It’s no news that regular exercise is generally considered a good thing for all people, including those who experience some form of dementia. Activities that increase a person’s physical strength and endurance are worthy in and of themselves. But people with dementia may benefit in two specific ways: better balance and less dependence on other people.
That may seem like common sense on the surface, but it’s something that may not be focused on during everyday life. Caregivers may have their hands full with other issues related to proper care, and doctors may be working on other areas that they deem a priority.

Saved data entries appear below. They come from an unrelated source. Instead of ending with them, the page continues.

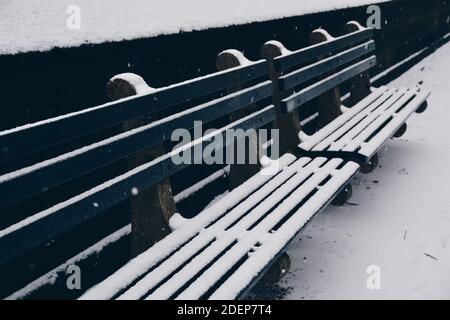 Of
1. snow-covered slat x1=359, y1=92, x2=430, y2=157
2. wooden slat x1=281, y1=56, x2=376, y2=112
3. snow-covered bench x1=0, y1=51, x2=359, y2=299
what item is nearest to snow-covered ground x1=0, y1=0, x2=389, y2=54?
snow-covered bench x1=0, y1=51, x2=359, y2=299

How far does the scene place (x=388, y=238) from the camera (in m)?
3.45

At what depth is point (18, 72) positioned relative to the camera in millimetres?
2174

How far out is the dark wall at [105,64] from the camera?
2.20 metres

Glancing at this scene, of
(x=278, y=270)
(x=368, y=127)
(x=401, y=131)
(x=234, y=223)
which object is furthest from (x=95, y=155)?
(x=401, y=131)

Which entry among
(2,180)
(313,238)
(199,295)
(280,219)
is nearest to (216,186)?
(313,238)

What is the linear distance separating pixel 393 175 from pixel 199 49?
222 cm

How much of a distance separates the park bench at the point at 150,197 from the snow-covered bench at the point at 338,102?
0.03 m

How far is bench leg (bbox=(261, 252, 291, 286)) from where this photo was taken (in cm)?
283

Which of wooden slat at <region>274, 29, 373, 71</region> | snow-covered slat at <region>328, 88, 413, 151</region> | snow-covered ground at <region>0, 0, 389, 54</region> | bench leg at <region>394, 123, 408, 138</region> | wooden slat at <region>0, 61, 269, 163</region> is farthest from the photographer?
bench leg at <region>394, 123, 408, 138</region>

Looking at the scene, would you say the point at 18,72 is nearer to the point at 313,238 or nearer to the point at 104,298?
the point at 104,298

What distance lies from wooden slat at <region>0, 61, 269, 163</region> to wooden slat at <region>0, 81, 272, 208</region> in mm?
65

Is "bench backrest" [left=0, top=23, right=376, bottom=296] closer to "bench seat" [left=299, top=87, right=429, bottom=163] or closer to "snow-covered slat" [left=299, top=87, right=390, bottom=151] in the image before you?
"snow-covered slat" [left=299, top=87, right=390, bottom=151]

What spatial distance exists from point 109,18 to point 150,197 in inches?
37.1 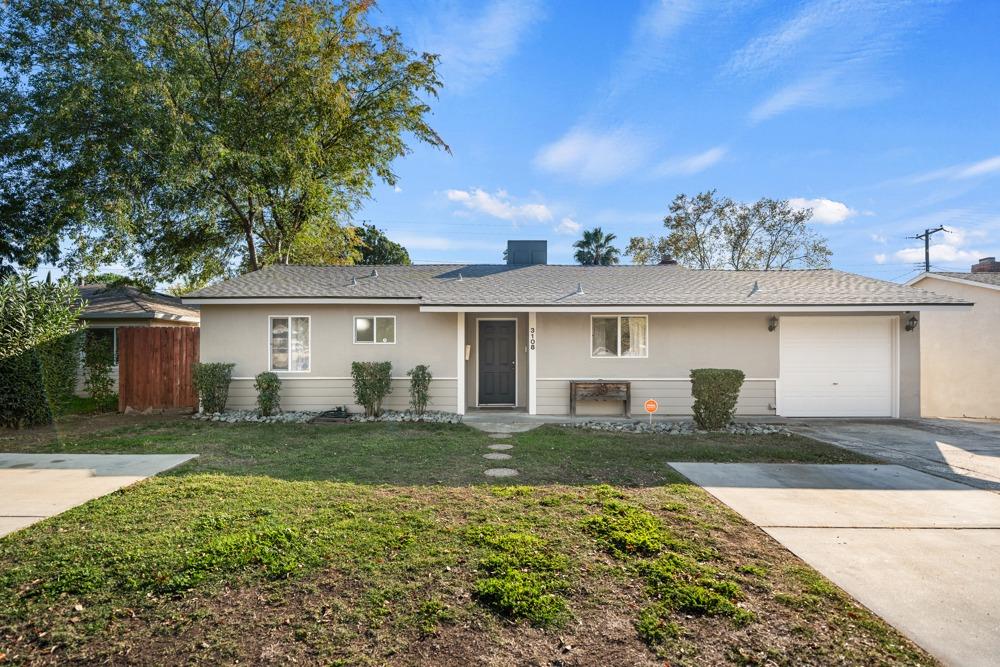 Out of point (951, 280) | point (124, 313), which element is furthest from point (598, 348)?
point (124, 313)

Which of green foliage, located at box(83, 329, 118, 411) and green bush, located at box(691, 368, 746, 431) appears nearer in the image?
green bush, located at box(691, 368, 746, 431)

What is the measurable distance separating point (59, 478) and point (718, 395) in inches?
380

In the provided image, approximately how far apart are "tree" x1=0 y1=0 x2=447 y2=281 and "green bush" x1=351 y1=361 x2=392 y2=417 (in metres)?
7.56

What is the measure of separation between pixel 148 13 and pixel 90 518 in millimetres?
14734

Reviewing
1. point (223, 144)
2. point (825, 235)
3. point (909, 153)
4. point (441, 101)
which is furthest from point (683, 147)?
point (825, 235)

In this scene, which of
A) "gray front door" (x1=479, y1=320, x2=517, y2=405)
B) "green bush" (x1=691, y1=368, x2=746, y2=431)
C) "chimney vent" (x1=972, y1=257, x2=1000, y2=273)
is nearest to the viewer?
"green bush" (x1=691, y1=368, x2=746, y2=431)

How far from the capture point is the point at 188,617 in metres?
2.78

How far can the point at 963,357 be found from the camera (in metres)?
12.7

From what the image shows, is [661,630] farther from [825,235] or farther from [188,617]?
[825,235]

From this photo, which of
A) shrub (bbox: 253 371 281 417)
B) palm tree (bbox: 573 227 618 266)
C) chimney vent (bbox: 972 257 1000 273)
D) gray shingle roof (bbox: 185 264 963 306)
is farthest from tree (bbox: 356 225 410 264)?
chimney vent (bbox: 972 257 1000 273)

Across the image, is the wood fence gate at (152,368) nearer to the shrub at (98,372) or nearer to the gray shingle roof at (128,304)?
the shrub at (98,372)

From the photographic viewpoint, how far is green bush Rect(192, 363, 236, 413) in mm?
10531

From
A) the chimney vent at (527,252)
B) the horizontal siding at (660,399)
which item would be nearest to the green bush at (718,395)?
the horizontal siding at (660,399)

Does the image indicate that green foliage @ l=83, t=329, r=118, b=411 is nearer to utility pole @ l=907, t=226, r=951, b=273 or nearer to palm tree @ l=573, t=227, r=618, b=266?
palm tree @ l=573, t=227, r=618, b=266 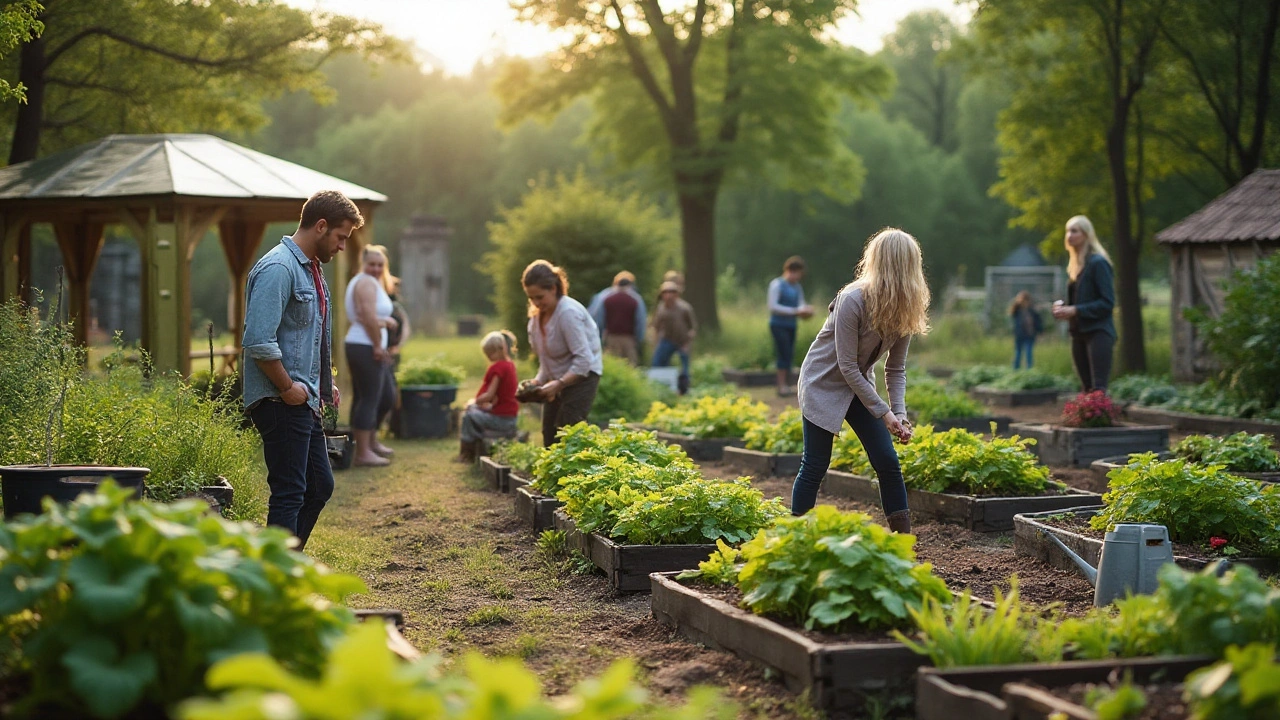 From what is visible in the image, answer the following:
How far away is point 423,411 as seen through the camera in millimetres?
13500

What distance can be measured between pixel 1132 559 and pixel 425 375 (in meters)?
9.49

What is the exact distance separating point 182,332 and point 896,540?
10422 millimetres

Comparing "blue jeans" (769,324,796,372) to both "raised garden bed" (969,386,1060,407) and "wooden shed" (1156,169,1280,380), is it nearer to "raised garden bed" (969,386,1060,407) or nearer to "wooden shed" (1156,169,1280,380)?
"raised garden bed" (969,386,1060,407)

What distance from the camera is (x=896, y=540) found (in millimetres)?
4574

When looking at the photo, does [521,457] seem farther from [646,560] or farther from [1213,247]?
[1213,247]

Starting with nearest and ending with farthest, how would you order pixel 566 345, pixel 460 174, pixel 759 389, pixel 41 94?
pixel 566 345
pixel 41 94
pixel 759 389
pixel 460 174

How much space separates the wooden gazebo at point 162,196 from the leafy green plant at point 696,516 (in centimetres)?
755

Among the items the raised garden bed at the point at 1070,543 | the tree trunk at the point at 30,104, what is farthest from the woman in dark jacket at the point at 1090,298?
the tree trunk at the point at 30,104

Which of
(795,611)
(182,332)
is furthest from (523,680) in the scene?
(182,332)

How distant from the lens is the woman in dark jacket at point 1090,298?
10695 mm

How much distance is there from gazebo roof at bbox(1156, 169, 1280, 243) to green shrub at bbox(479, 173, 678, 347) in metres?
9.12

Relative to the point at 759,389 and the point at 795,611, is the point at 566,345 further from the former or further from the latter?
the point at 759,389

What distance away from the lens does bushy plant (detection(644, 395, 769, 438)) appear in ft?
38.9

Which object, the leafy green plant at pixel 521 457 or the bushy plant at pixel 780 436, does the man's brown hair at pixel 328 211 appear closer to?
the leafy green plant at pixel 521 457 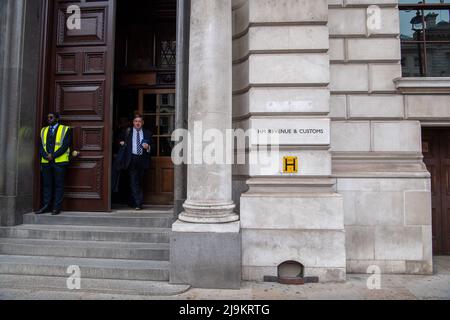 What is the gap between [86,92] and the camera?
24.5ft

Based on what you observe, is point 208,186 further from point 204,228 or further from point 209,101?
point 209,101

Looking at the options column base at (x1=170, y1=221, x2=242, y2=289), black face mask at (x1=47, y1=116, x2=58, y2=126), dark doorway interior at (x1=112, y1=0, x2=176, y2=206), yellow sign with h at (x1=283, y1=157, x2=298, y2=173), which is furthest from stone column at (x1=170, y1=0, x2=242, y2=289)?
black face mask at (x1=47, y1=116, x2=58, y2=126)

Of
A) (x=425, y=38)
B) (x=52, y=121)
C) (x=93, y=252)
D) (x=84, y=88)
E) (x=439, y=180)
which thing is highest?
(x=425, y=38)

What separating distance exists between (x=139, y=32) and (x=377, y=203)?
302 inches

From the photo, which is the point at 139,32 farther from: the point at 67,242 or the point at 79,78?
the point at 67,242

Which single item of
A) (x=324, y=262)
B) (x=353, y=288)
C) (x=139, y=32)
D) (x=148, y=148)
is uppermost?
(x=139, y=32)

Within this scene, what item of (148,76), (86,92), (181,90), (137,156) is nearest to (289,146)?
(181,90)

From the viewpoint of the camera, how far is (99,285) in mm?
5105

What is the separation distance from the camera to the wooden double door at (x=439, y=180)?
23.0 feet

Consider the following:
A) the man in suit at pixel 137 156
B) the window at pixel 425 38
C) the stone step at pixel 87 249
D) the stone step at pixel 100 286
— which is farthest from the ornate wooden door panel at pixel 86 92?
the window at pixel 425 38

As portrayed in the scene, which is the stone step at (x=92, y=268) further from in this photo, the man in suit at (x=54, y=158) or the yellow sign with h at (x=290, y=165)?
the yellow sign with h at (x=290, y=165)

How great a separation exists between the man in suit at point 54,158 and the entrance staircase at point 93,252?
44 centimetres

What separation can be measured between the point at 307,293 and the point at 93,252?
3.93 m

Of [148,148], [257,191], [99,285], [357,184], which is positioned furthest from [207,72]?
[99,285] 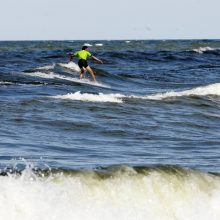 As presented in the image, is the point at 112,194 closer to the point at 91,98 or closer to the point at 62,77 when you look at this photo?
the point at 91,98

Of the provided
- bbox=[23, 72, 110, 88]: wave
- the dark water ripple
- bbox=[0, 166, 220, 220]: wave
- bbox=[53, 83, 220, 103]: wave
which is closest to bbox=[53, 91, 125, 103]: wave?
bbox=[53, 83, 220, 103]: wave

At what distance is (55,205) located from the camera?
9914mm

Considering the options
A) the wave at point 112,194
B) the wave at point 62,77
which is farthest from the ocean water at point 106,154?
the wave at point 62,77

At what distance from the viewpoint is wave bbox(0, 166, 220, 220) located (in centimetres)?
982

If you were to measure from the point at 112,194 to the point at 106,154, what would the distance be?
11.5ft

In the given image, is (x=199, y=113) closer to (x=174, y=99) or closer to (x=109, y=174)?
(x=174, y=99)

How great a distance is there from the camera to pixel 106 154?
14.2 m

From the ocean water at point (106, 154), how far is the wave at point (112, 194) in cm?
1

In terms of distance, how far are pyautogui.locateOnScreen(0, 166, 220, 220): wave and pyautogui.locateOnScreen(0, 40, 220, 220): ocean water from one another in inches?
0.6

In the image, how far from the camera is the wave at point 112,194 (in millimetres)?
9820

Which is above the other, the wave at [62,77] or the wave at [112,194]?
the wave at [112,194]

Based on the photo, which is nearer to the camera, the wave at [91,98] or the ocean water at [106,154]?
the ocean water at [106,154]

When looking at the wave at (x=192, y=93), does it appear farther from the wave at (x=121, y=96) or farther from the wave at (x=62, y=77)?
the wave at (x=62, y=77)

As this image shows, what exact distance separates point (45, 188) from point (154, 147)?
18.8 ft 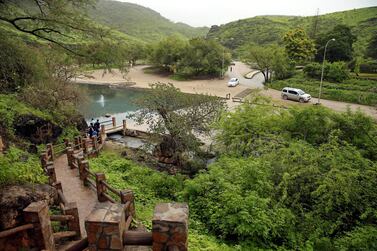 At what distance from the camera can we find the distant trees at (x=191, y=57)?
49.1 meters

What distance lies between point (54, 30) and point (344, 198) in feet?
35.8

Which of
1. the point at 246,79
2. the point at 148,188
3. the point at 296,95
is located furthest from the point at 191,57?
the point at 148,188

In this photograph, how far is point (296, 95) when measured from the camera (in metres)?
33.9

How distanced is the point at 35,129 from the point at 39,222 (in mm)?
12401

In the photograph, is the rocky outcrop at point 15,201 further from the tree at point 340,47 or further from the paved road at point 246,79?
the tree at point 340,47

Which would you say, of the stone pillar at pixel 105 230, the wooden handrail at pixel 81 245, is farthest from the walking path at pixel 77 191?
the stone pillar at pixel 105 230

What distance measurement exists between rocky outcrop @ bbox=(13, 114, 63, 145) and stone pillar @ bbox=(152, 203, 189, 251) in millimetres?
15008

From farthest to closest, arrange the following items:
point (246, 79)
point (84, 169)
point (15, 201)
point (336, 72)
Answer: point (246, 79) → point (336, 72) → point (84, 169) → point (15, 201)

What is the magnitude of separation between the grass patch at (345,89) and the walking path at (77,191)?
103ft

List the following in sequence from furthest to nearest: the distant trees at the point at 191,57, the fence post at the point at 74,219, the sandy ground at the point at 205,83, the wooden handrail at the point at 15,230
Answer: the distant trees at the point at 191,57, the sandy ground at the point at 205,83, the fence post at the point at 74,219, the wooden handrail at the point at 15,230

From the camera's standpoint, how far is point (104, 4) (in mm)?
175375

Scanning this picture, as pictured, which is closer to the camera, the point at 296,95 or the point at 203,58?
the point at 296,95

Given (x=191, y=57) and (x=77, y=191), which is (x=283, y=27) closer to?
(x=191, y=57)

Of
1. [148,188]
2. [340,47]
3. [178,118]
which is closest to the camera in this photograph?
[148,188]
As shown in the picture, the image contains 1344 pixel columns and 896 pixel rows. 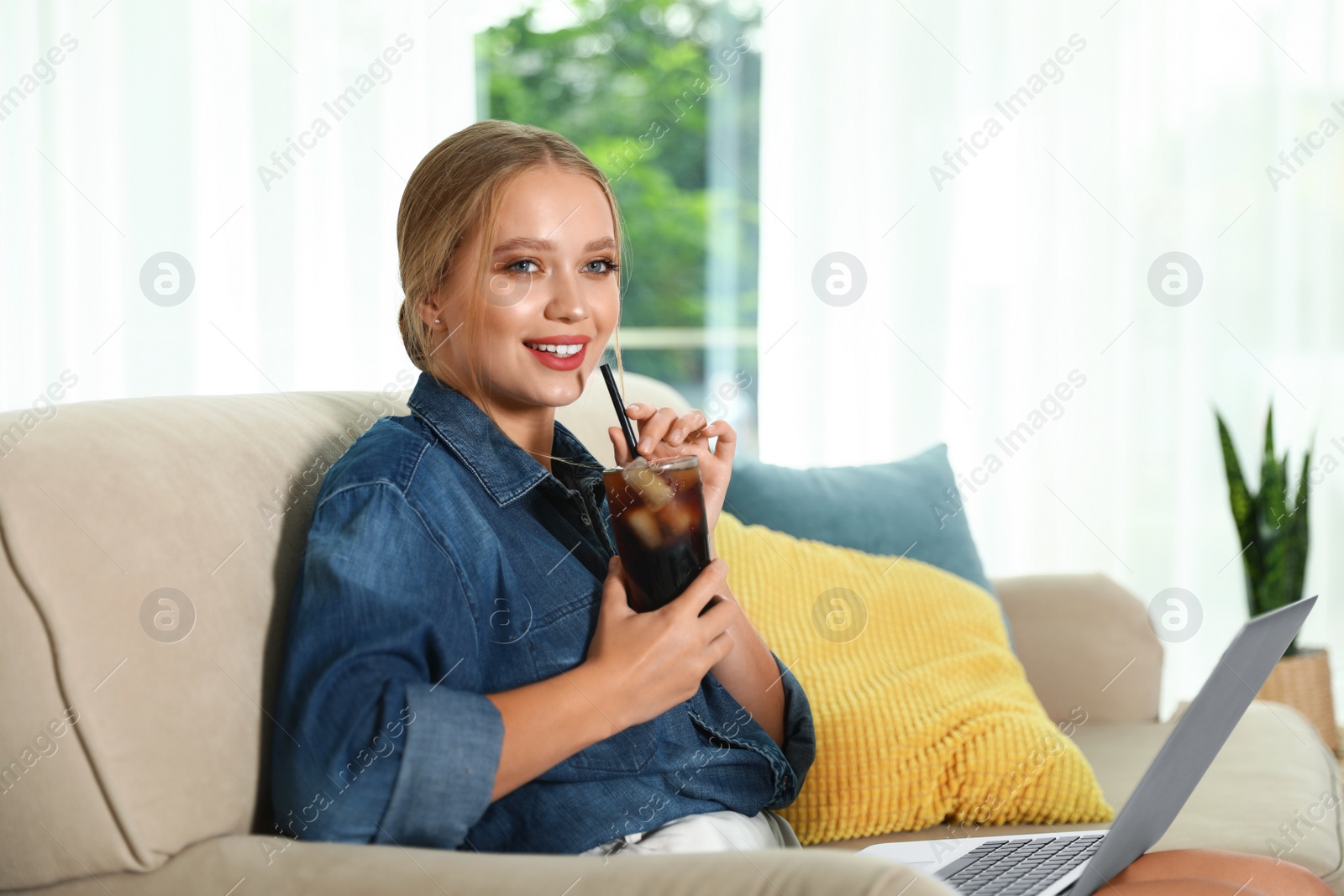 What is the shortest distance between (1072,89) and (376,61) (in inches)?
76.0

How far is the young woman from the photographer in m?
0.86

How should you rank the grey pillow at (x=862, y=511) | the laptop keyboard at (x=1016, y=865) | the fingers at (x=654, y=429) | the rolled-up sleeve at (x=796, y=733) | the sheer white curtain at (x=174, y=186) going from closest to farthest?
the laptop keyboard at (x=1016, y=865) < the fingers at (x=654, y=429) < the rolled-up sleeve at (x=796, y=733) < the grey pillow at (x=862, y=511) < the sheer white curtain at (x=174, y=186)

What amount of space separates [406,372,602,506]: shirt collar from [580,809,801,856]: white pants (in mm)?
335

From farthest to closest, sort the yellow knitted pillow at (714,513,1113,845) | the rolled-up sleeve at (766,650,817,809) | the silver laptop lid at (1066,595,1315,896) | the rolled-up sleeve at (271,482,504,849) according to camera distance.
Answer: the yellow knitted pillow at (714,513,1113,845) → the rolled-up sleeve at (766,650,817,809) → the silver laptop lid at (1066,595,1315,896) → the rolled-up sleeve at (271,482,504,849)

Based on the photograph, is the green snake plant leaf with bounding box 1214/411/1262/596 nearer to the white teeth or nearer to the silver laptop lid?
the silver laptop lid

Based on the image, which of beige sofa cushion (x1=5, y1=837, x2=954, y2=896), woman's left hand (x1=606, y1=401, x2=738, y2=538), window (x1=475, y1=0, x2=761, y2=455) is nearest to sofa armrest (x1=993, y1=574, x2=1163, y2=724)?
woman's left hand (x1=606, y1=401, x2=738, y2=538)

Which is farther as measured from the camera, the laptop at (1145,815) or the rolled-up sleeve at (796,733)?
the rolled-up sleeve at (796,733)

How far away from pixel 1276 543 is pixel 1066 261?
959mm

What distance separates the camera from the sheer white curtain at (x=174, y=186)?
282 cm

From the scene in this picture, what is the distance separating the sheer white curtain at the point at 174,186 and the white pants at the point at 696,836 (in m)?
2.22

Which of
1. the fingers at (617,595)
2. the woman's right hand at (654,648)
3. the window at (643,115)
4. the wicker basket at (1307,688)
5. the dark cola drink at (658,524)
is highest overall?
the window at (643,115)

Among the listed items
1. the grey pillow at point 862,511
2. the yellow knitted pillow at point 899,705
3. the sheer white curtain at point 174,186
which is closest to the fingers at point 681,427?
the yellow knitted pillow at point 899,705

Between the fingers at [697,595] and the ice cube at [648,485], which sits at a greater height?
the ice cube at [648,485]

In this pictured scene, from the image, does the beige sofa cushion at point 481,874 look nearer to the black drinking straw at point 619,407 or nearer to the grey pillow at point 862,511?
the black drinking straw at point 619,407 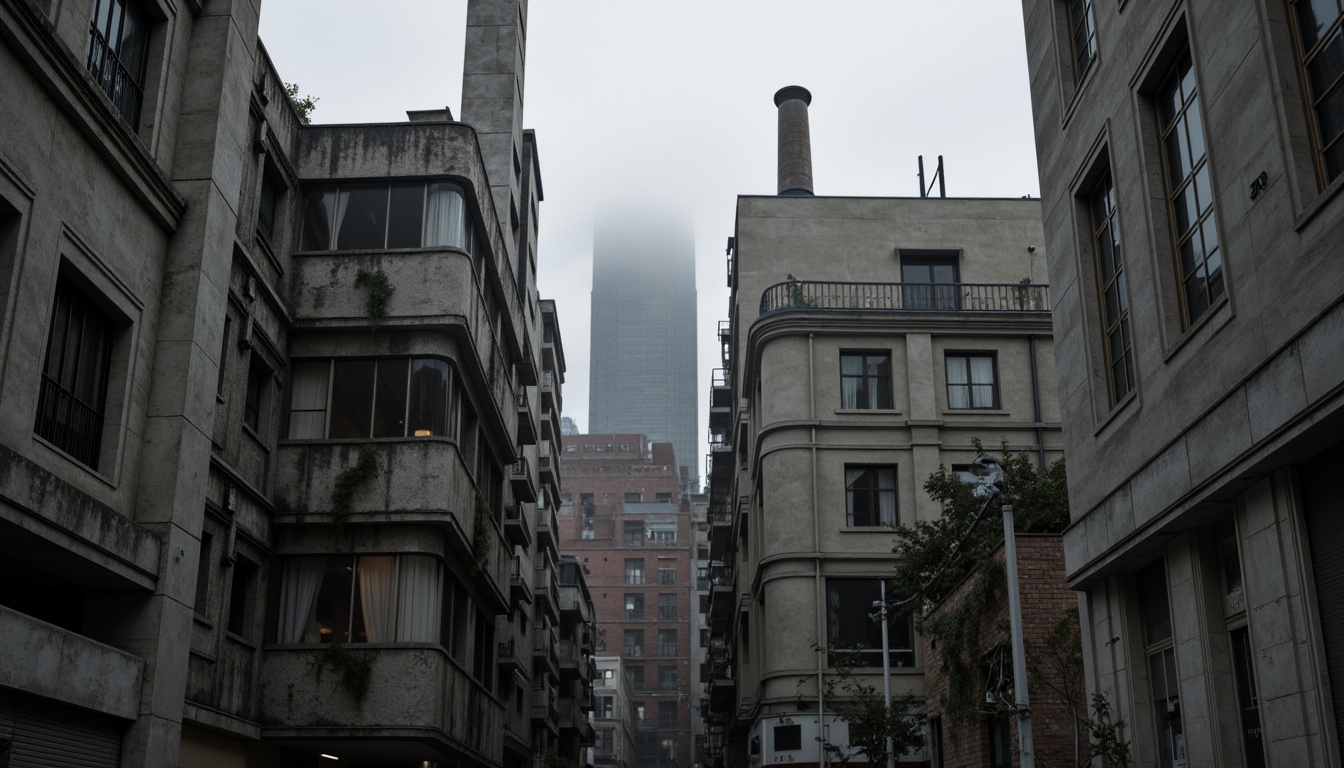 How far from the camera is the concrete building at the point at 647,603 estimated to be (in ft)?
389

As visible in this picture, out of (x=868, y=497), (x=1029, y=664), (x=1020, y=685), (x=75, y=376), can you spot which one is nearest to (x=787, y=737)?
(x=868, y=497)

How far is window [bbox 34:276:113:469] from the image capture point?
15.1 m

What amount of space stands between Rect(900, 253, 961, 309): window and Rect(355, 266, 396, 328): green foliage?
20497 mm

But a new study from Sweden suggests that it’s worth it for people with dementia to try to keep up a regular exercise routine. This study, entitled “Effects of a High-Intensity Functional Exercise Program on Dependence in Activities of Daily Living and Balance in Older Adults with Dementia,” looked specifically at how exercise might improve balance and cut down dependency in people with dementia.
The specific objective of the study was “to investigate the effects of a high-intensity functional exercise program on independence in activities of daily living (ADLs) and balance in older people with dementia and whether exercise effects differed between dementia types.” To that end, scientists looked at 186 people in Sweden with dementia who were 65 years of age or older and who depended on others for personal care. Participants were put into two groups, one of which was assigned a regular exercise program. The program focused on leg strength, balance, and walking and involved 2-3 45-minute sessions each week for a period of four months.
Those in the exercise group experienced a significantly slower decline in function. Their balance improved and their risk of falls was decreased. In addition, their need to depend on others was less than that of the patients in the group which did not participate in the exercise program.
Of course, regular exercise can have other benefits as well, such as improving cardiac health or helping people to sleep better. Those caring for people with dementia should discuss the possible benefits of exercise with a doctor to determine if their loved ones should consider a regular exercise routine.